Archives

Intimacy & Sex
By Vivian Hankin, PhD, LMFT

This is the third of "Three Main Reasons Couples See Me For Counseling." Just in case you're curious, the first two are "Learning How To Argue" and "Money." Vivian Hankin, longtime OPEN EXCHANGE lister, offers therapy for individuals and couples.

 

The Story of Ron and Darly—
"He just walks up behind me and I don't even know he's there and then he puts his arms around my chest from behind. It always scares me and really upsets me," Darly said. Ron replied, "Well, I'm just trying to be affectionate. What's wrong with that?" She said, "You don't have to sneak up on me like that, and anyway what I really don't like is how you always touch me in places that have to do with sex." Ron said, "You complain I'm not intimate with you enough. I just can't win!"

This is a situation that varies in the ways it's played out but is very common with men and women. Surprisingly enough, our work involves defining "intimacy" and "sex". Some studies have found that men quite often feel that sexual touching as well as sex itself is how they receive love directly from their spouse.

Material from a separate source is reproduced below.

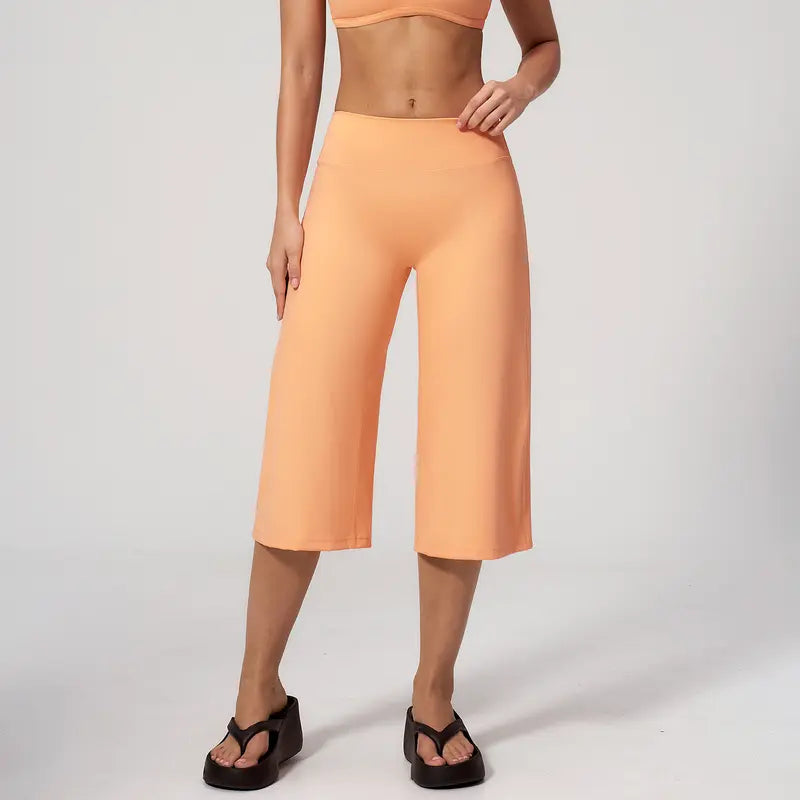 TIMEOFF Women's High Waist V‑Shaped Back Cropped Wide Leg Capris - Butt‑Lifting Sculpt Design, 4‑Way Stretchy Breathable Fabric, 5 Colors Available | Tummy Control, Non‑Restrictive Fit, Wrinkle‑Resistant | Ideal for Yoga, Casual Wear & Daily Loungewear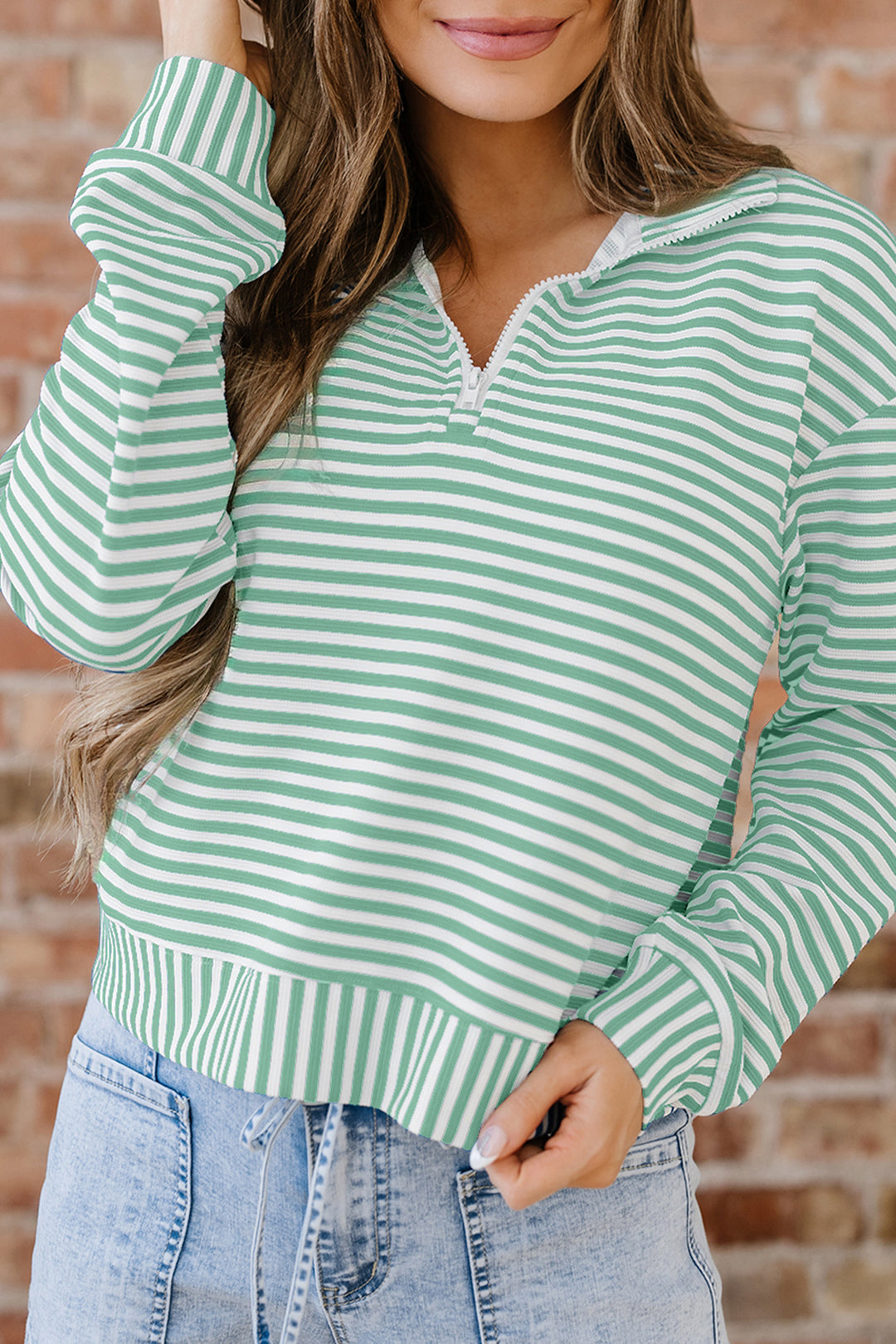 Green Stripe Quarter Zip Collar Pullover Long Sleeve Top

Women differ often, feeling they are two separate needs but are combined during sex. Women (and some men) want, at times, just holding hands, touching a shoulder, hugging, caressing without touching any sexual areas. They feel strongly a need for this kind of separate intimacy. It is how women feel loved. Our work in counseling is to have each see the others' needs and agree as to how they would like to work out the details of giving love and sex to each other in ways that are gratifying to each.

There are many other problems often presented during counseling between couples. Some include infidelity; serious illness within the family; shared responsibilities; and can we save this marriage? Others are where one partner is passive and uncommunicative while the other continually implores for input; another is how to interact with each others' families or friends; and another is where one spouse has many outside interests separate from the relationship leaving little time to be together.

But, regardless of the issues, it is always a wonderful experience to see the changes a couple can make when they truly care about each other and their relationship.